Baicalin, a Potent Inhibitor of NF-κB Signaling Pathway, Enhances Chemosensitivity of Breast Cancer Cells to Docetaxel and Inhibits Tumor Growth and Metastasis Both In Vitro and In Vivo

OBJECTIVE: The aim of this study is to investigate the anti-cancer activity and sensibilization of baicalin (BA) against breast cancer (BC) cells. METHODS: The anti-proliferation of BA in BC cell lines was evaluated by MTT and colony formation assays. Apoptotic induction of BA was measured by flow cytometry. Wound-healing and transwell assays were exploited to assess migrated and invasive inhibition of BA. Western-blot and immunofluorescence were used to study mechanisms of anti-migration and sensibilization of BA. Anti-tumor and anti-metastasis effects of BA were evaluated in subcutaneous and pulmonary metastasis mouse model of BC cells. RESULTS: BA significantly suppressed proliferation and induced apoptosis of BC cells in a concentration- and time-dependent manner. Additionally, BA induced cell apoptosis via the mitochondria-mediated pathway, as evidenced by cellular induction of reactive oxygen species and upregulated expression of the Bax/Bcl-2 ratio. The overall expression and nuclear translocation of NF-κB signaling pathway in BC cells were dramatically inhibited by treatment with BA. BA significantly suppressed abilities of migration and invasion in BC cells.
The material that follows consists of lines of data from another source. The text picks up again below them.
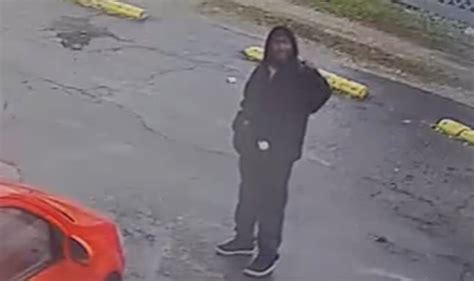 Akron Police Looking For The Man Accused Of Assaulting A Store Clerk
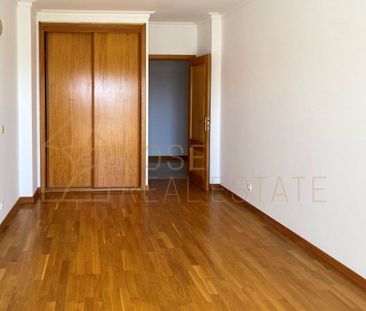 4 room luxury Flat for rent in Cascais e Estoril, Portugal - Photo 1
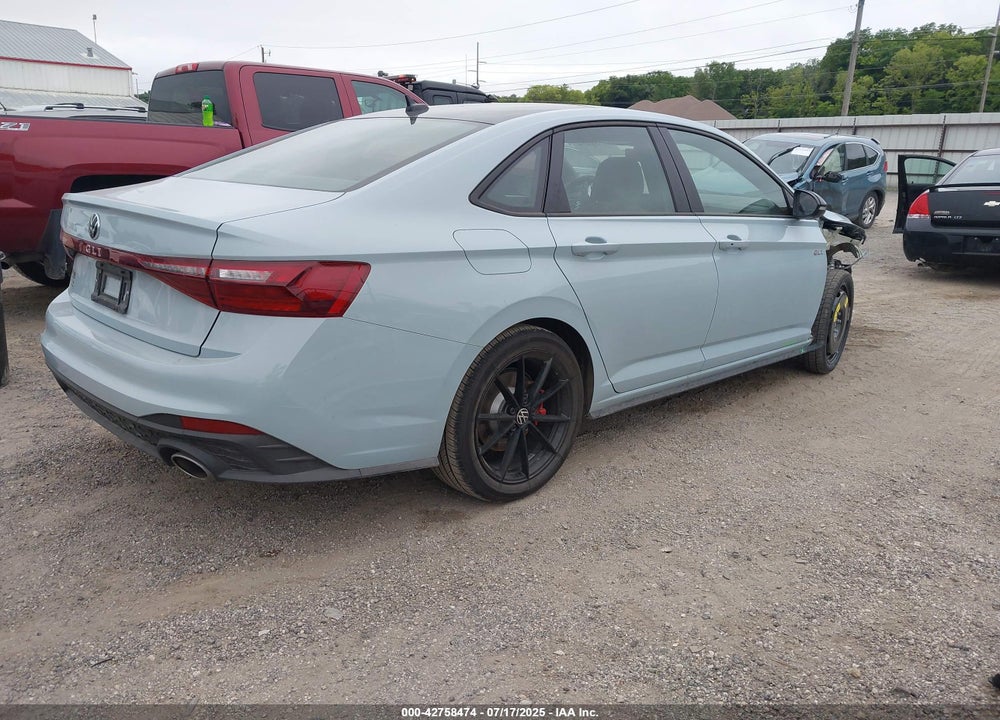 2025 VOLKSWAGEN JETTA GLI 2.0T AUTOBAHN VIN: 3VW2T7BU9SM018681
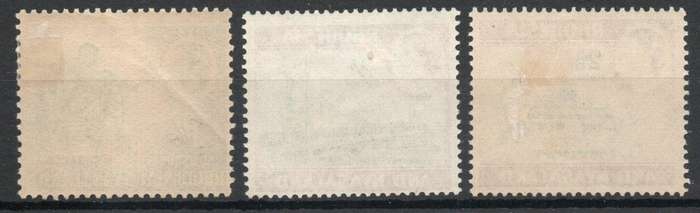 Rhodesia & Nyasaland 1959-1962 QEII Definitive 1/-, 2/- & 2/6d lmm. SACC 26, 28 & 29 Cat R295 (2025)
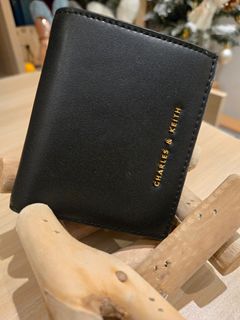 （分類：）位於 。 由 yoonisang 提交（商品編號 1341141603，圖片 1）。簡介： 。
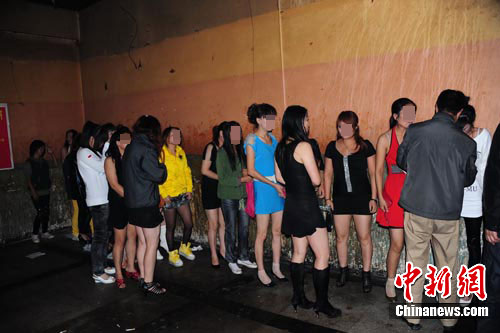 出击,查处4家涉黄酒城,共抓获3对卖淫嫖娼人员及23名涉嫌异性陪侍女子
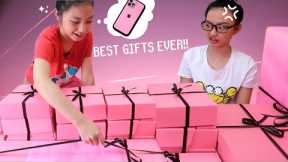 MYSTERY LATE BIRTHDAY GIFTS IN THE PINK BOX PRANK TO AUREA | Aurea & Alexa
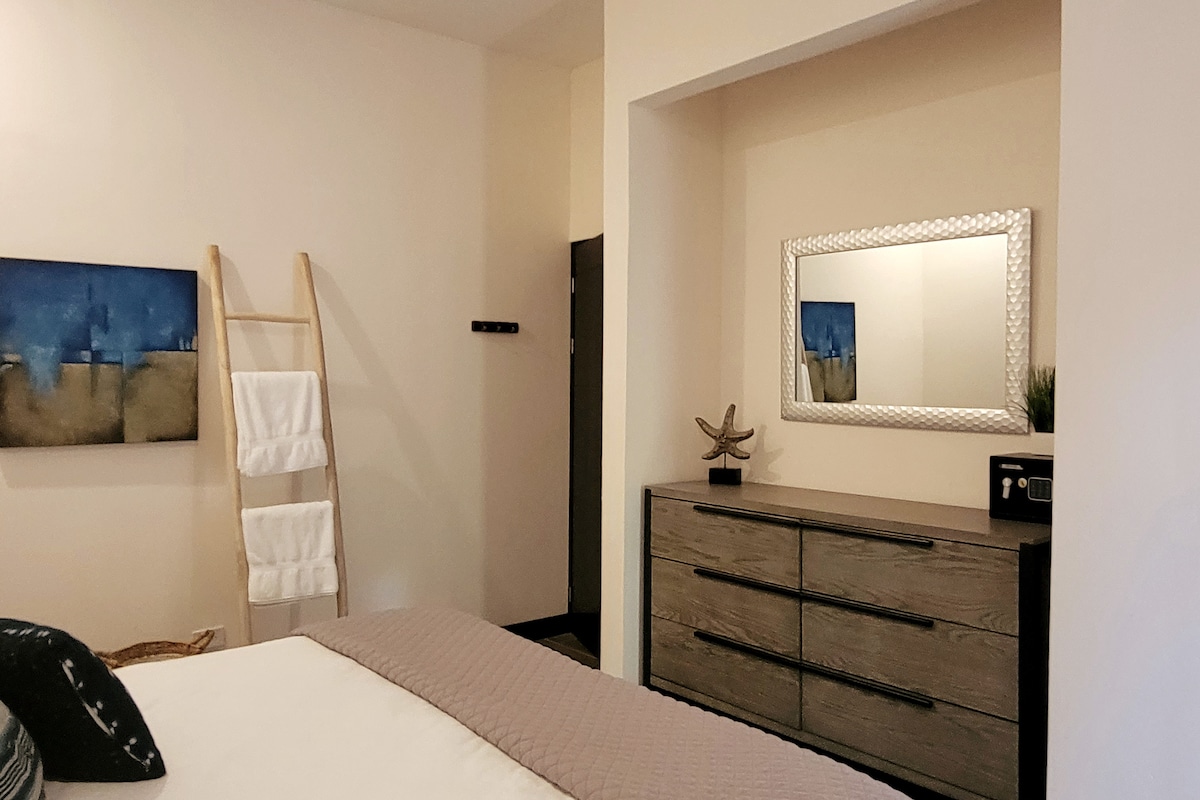 ห้องนอน 2 (Bedroom 2)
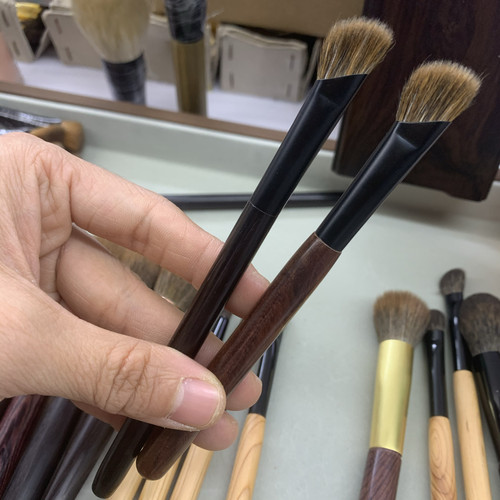 定 黄狼斜切异型点彩鼻影刷 液体膏体霜体 高光刷 遮瑕刷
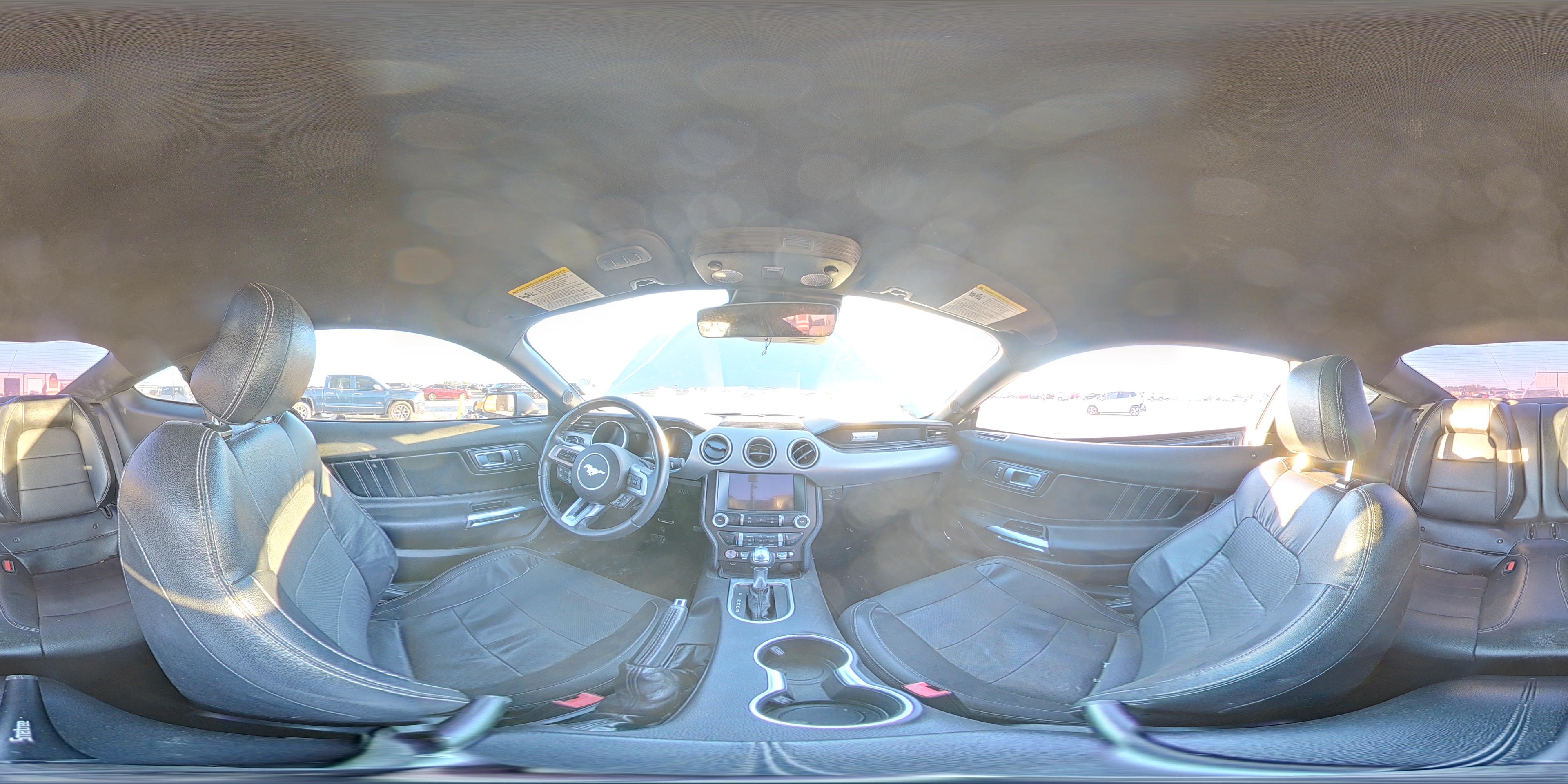 2021 Ford Mustang - zdjęcie 14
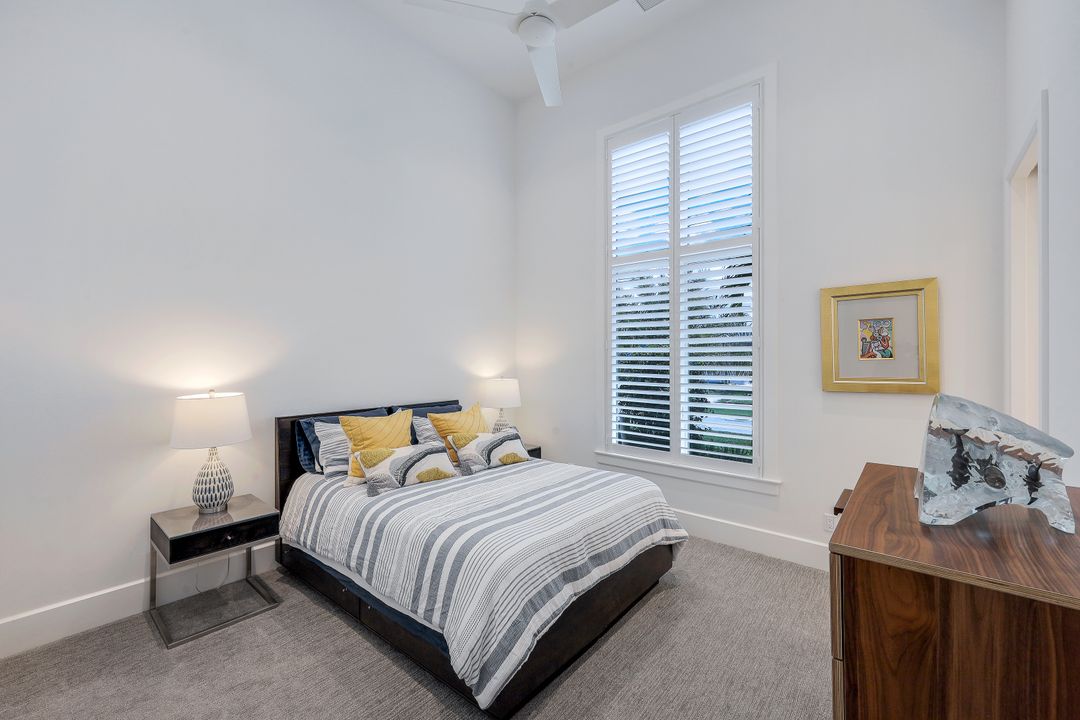 685 Cameo Ct, Marco Island, FL 34145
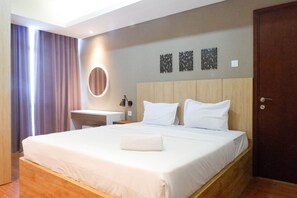 Room | 3 bedrooms, free WiFi, bed sheets - 3Br Luxurious And Elegant Apartment At Grand Sungkono Lagoon (Surabaya)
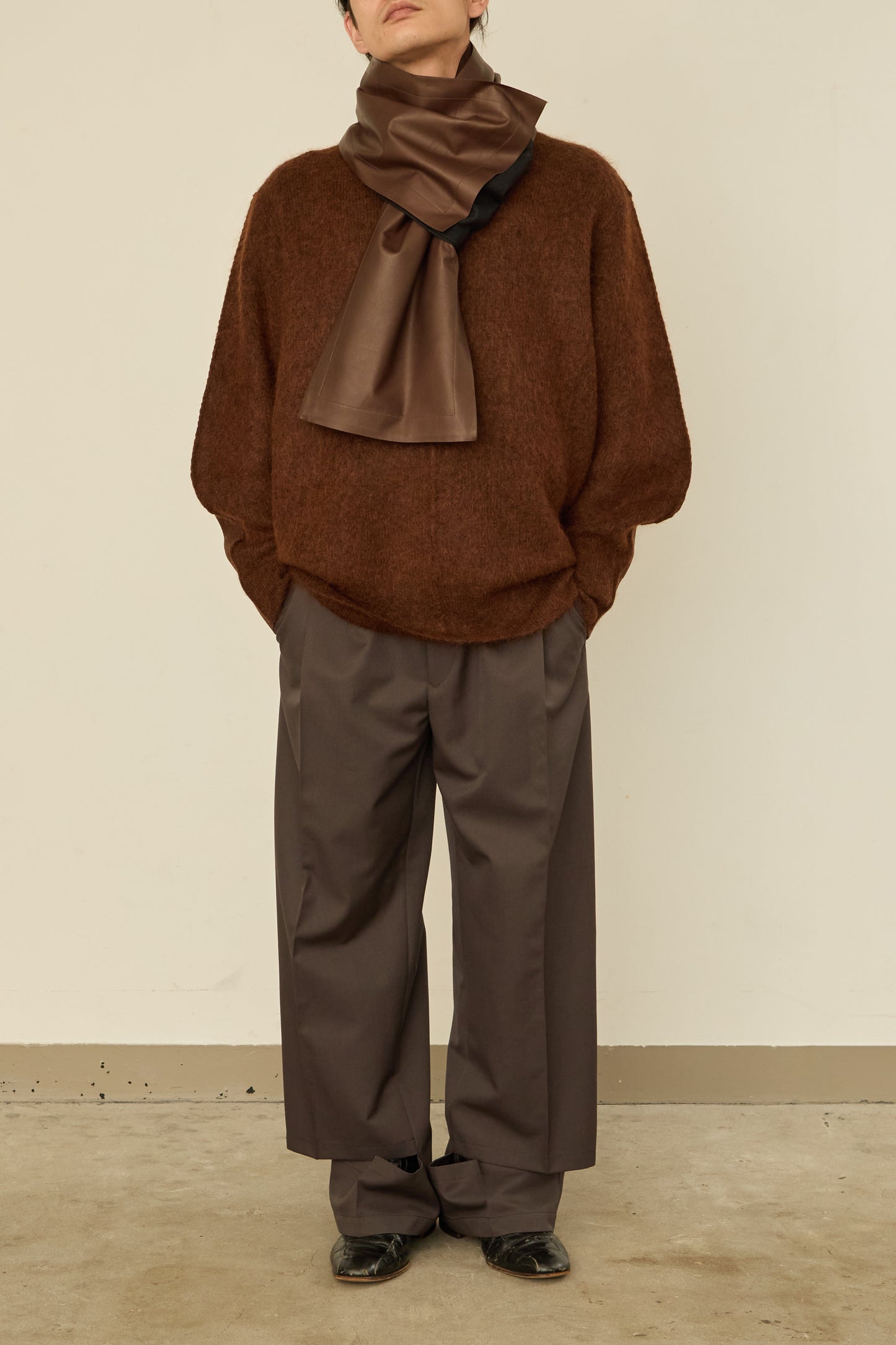i'm here : " LEATHER " SCARF : / BROWN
Notably, BA sensitized BC cells to docetaxel (DXL) by suppressing the expression of survivin/Bcl-2. BA also retarded tumor growth and triggered apoptosis of tumor cells in a tumor mouse model of 4T1 cells. Furthermore, pulmonary metastasis of BC cells was distinctly suppressed by BA in a tumor mouse model of 4T1 cells. CONCLUSION: BA effectively triggered apoptosis, inhibited metastasis, and enhanced chemosensitivity of BC, implying that BA might serve as a promising agent for the treatment of BC.